#### Material shown

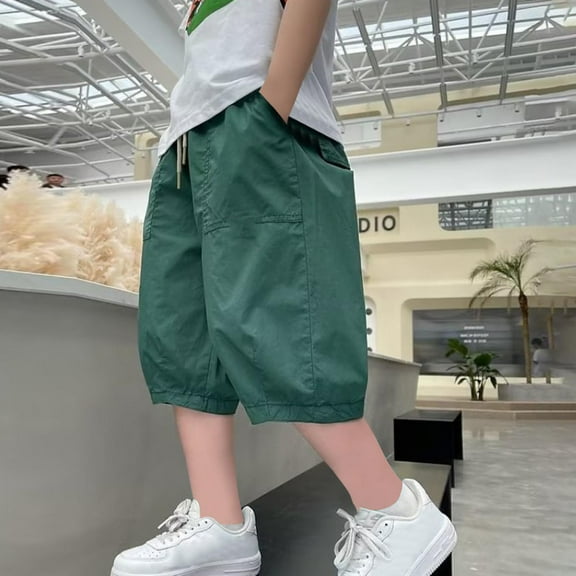 NAISIBABY Boys Bermuda Shorts, Solid Color Drawstring Loose Fit Kids Summer Causal Sport Shorts Army Green 3-4T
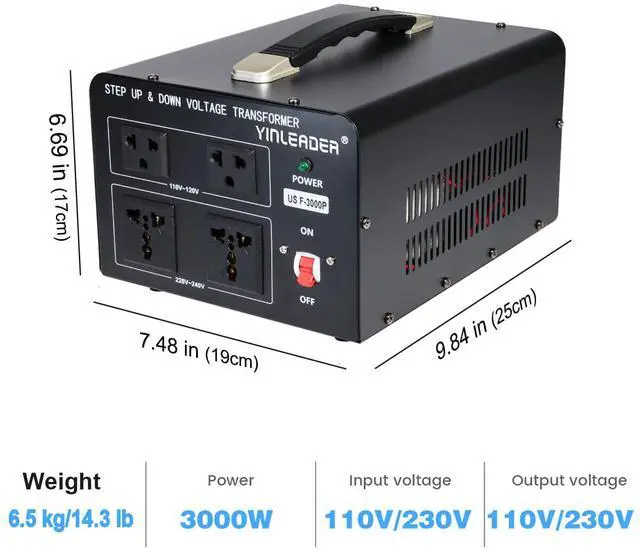 Alt view image 7 of 7 - Yinleader 3000 Watt Voltage Converter Transformer Step Up 110V to 220V or Step Down 220V to 110V Power Converter Adapter for use in The United States for European and Asian Household appliances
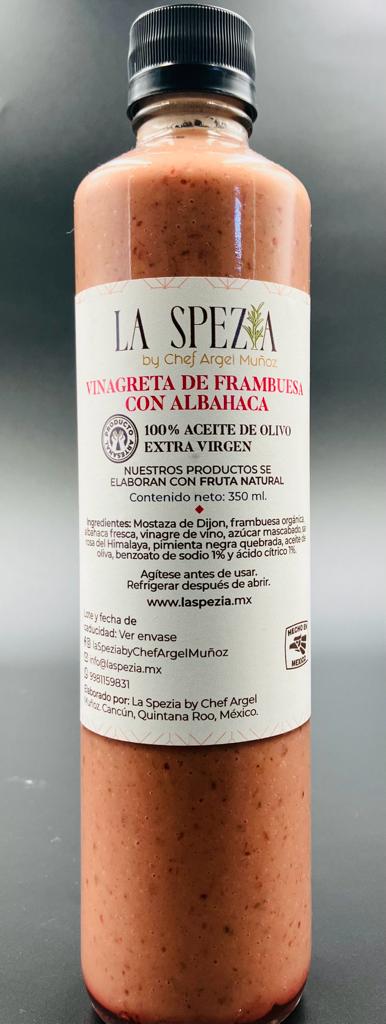 VINAGRETA DE FRAMBUESA CON ALBAHACA 350 ml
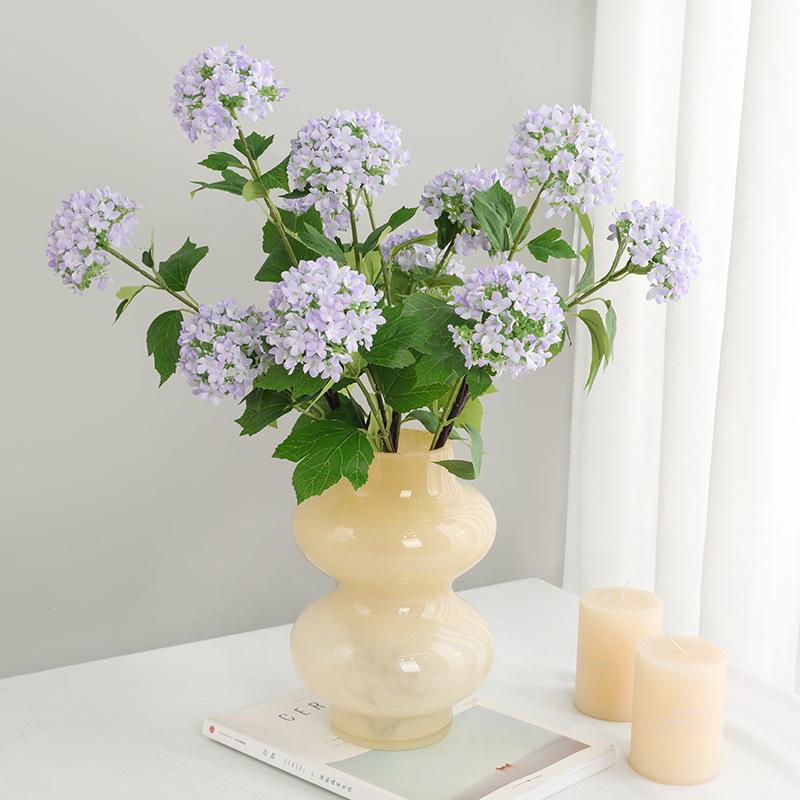 3 Heads Silk Artificial Hydrangea Lifelike Flower 70cm Fake Flowers Room Wedding Home Table Decorations Party Diy Bouquet Floral
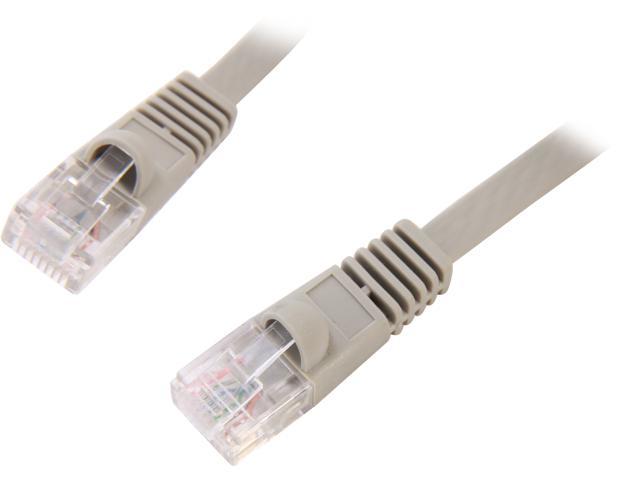 Coboc CY-CAT6-14-Gray 14ft. 32AWG Cat 6 Gray Color 550MHz UTP Flat Ethernet Stranded Copper Patch cord /Molded Network lan Cable
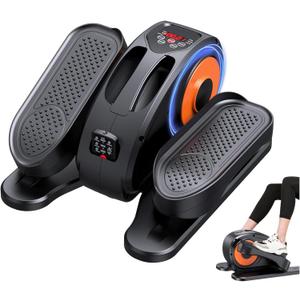 Under Desk Elliptical, Electric Seated Pedal Exerciser, Quiet & Compact Mini Ellipse Leg Exerciser with Display Monitor, Remote Control and 12 Adjustable Speeds, Elliptical Machine for Home (Orange)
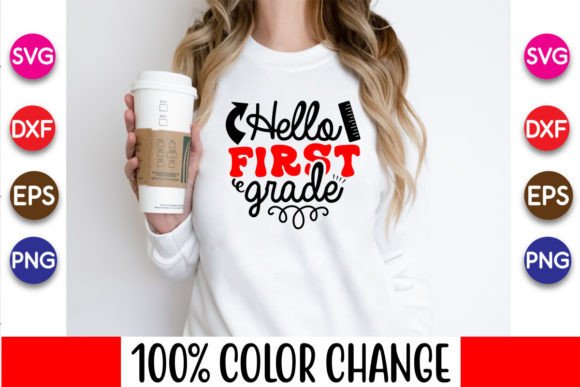 Hello First Grade SVG: Back to School Graphics for Crafts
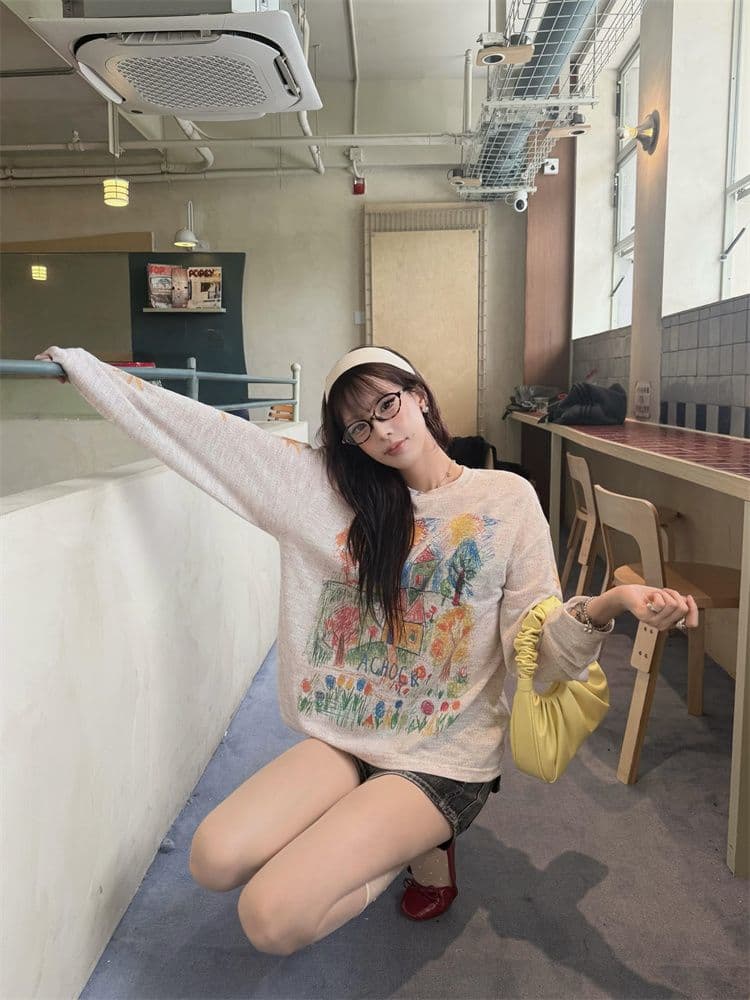 원본 원단 한국 스타일 작은 대중 수채화 낙서 약간 긴팔 티셔츠 여성 여름 자외선 차단 루즈핏 라운드 넥 블라우스 맨위 상세 이미지 1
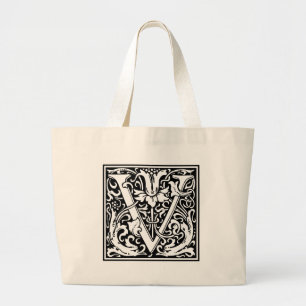 Bolsa Tote Grande Letra V Monograma Medieval Vintage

#### Aim of the task
Return every record exactly, without the pictures.

#### Exercise output
 NAISIBABY Boys Bermuda Shorts, Solid Color Drawstring Loose Fit Kids Summer Causal Sport Shorts Army Green 3-4T
 Alt view image 7 of 7 - Yinleader 3000 Watt Voltage Converter Transformer Step Up 110V to 220V or Step Down 220V to 110V Power Converter Adapter for use in The United States for European and Asian Household appliances
 VINAGRETA DE FRAMBUESA CON ALBAHACA 350 ml
 3 Heads Silk Artificial Hydrangea Lifelike Flower 70cm Fake Flowers Room Wedding Home Table Decorations Party Diy Bouquet Floral
 Coboc CY-CAT6-14-Gray 14ft. 32AWG Cat 6 Gray Color 550MHz UTP Flat Ethernet Stranded Copper Patch cord /Molded Network lan Cable
 Under Desk Elliptical, Electric Seated Pedal Exerciser, Quiet & Compact Mini Ellipse Leg Exerciser with Display Monitor, Remote Control and 12 Adjustable Speeds, Elliptical Machine for Home (Orange)
 Hello First Grade SVG: Back to School Graphics for Crafts
 원본 원단 한국 스타일 작은 대중 수채화 낙서 약간 긴팔 티셔츠 여성 여름 자외선 차단 루즈핏 라운드 넥 블라우스 맨위 상세 이미지 1
 Bolsa Tote Grande Letra V Monograma Medieval Vintage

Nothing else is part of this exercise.